Point specificity of acupuncture in the light of
recent clinical and imaging studies
(鍼治療に関する近年の臨床及び画像研究についての検討)
Anthony Campbell
Introduction(はじめに)
鍼治療におけるツボの特異性については未だ解明されていない。治療家により鍼を刺す部位に多少の違いはあるが、各ツボには明確及び再現性のある臨床的効果があることは知られている。
また、鍼を刺す深さや刺激の有無などにも治療家によって差異が存在し、これらの差異により鍼治療のプラセボ的効果が考えられる。

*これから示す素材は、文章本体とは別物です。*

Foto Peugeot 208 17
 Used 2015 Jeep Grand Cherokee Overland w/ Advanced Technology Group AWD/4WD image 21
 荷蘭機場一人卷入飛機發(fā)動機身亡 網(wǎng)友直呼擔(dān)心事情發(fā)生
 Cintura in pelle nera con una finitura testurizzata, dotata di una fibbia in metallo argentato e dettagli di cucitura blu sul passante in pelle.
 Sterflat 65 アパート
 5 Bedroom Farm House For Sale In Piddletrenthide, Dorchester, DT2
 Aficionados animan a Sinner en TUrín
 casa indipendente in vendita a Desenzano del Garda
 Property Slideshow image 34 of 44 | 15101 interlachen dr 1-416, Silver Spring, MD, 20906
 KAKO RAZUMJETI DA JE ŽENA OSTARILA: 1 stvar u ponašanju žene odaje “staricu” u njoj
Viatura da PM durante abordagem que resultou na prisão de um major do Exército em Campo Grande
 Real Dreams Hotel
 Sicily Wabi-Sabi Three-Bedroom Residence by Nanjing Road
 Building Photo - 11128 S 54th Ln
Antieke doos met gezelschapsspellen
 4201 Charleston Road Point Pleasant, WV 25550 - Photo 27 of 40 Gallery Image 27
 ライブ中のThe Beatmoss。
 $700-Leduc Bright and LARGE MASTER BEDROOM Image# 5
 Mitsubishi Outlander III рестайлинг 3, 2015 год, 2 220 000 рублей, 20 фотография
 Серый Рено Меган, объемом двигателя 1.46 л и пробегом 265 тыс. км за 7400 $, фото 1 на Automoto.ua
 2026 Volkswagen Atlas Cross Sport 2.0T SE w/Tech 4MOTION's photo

あるいは、ツボの選択、鍼の深さの効果ではなく、鍼を刺すことそのものに治療的効果が存在することも考えられる。これらが鍼治療の疑問点であり、解決困難な点でもある。
ツボ療法を支持するものとしてでは、嘔気のためのPC6に関する研究があるが、それは結論付けに至っておらず、数百も存在するツボの一つの研究にすぎない。
これらの問題は長期的に存在してきたが、近年、ドイツで画期的研究が報告されている。全ての4研究で鍼治療における症状改善が報告されているが、その内3研究では鍼を刺す方法、部位に関する有意差はみられなかった。
これらの研究ではfMRI、PETといった脳画像が使用されており、ツボ刺激における脳への影響が報告されている。
これらの研究は興味深いものではあるが、未だその未熟性は拭えない。本論文では、プラセボを含め、鍼治療と他の治療法との考えられる類似点について検討する。